§ Listed entries:
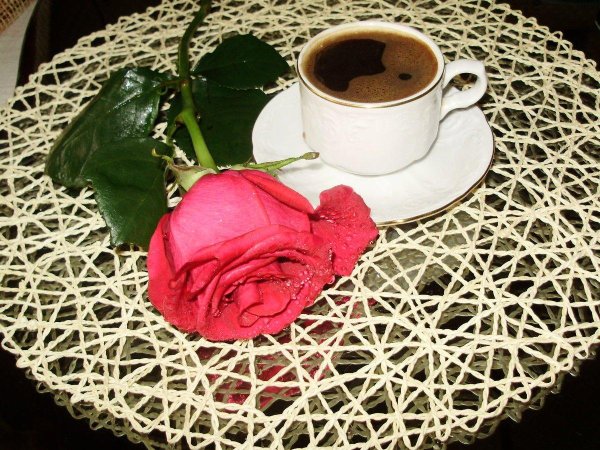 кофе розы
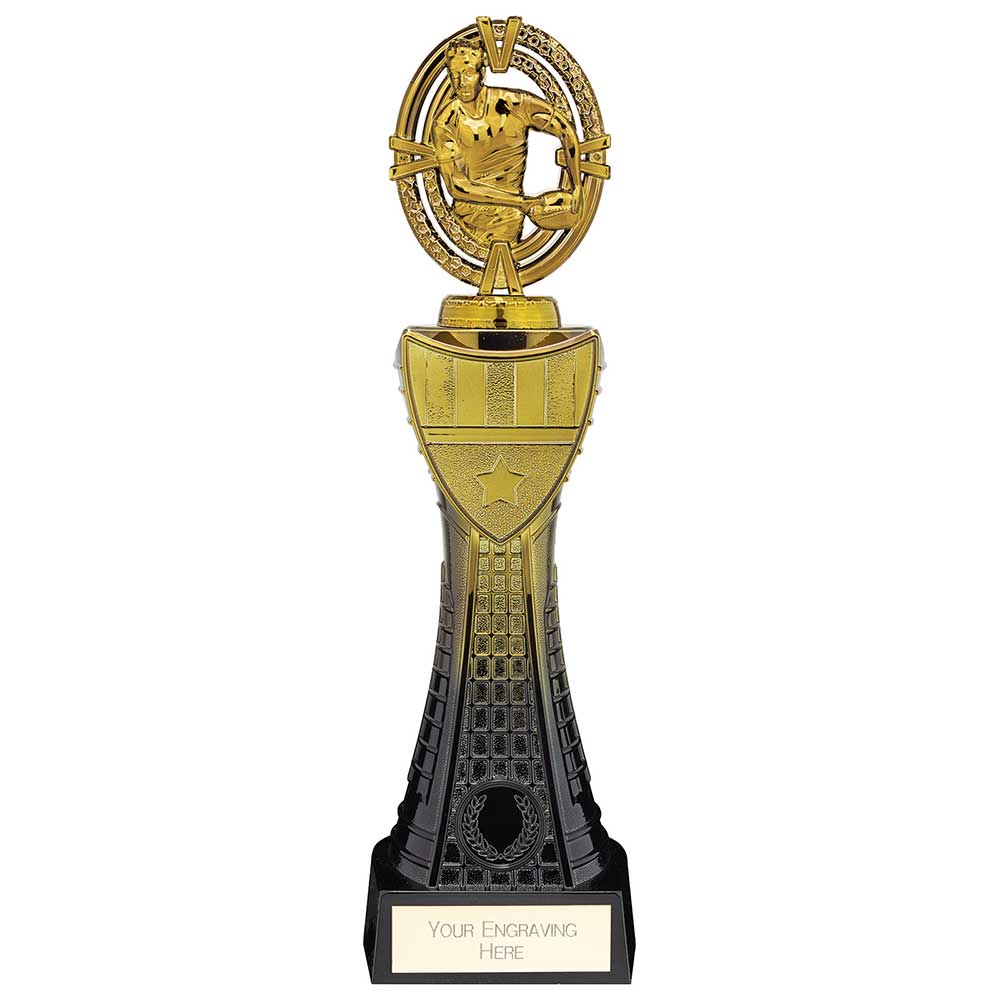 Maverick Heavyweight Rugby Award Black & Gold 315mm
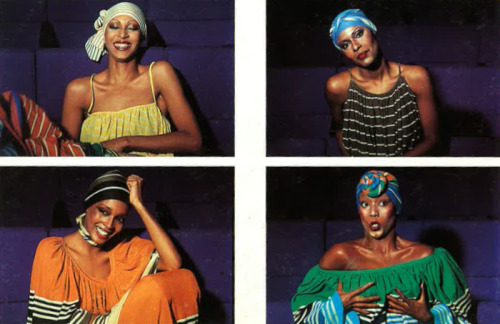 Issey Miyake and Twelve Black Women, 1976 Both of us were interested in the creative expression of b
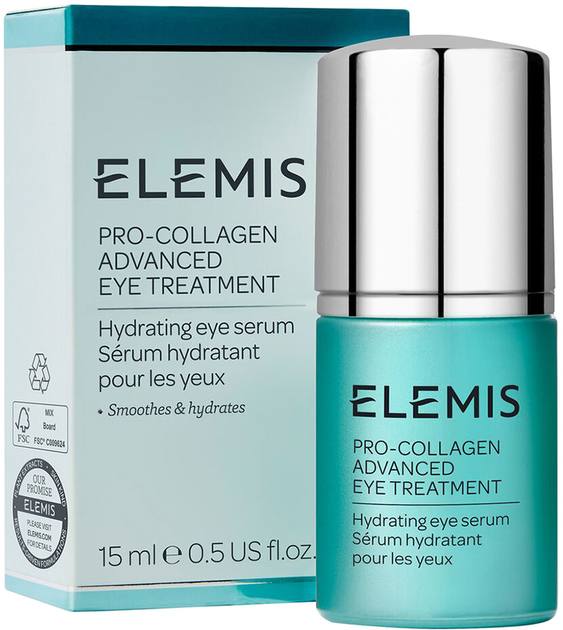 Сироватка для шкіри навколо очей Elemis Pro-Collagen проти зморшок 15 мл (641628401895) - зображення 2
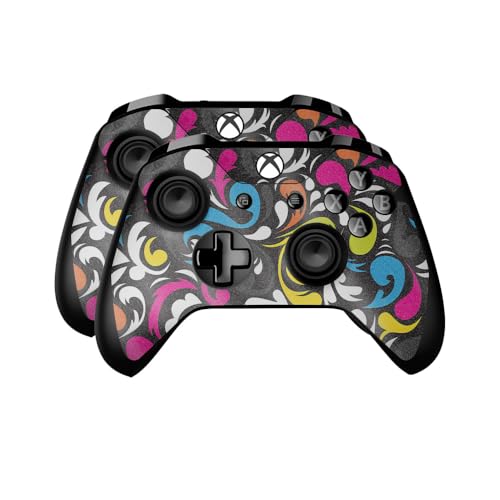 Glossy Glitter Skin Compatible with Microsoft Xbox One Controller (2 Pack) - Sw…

§ Task description:
Every line from the one with "Сироватка для шкіри" through the end of the records is to be reproduced exactly, and the pictures are to be left out.

§ Solved exercise:
 Сироватка для шкіри навколо очей Elemis Pro-Collagen проти зморшок 15 мл (641628401895) - зображення 2
 Glossy Glitter Skin Compatible with Microsoft Xbox One Controller (2 Pack) - Sw…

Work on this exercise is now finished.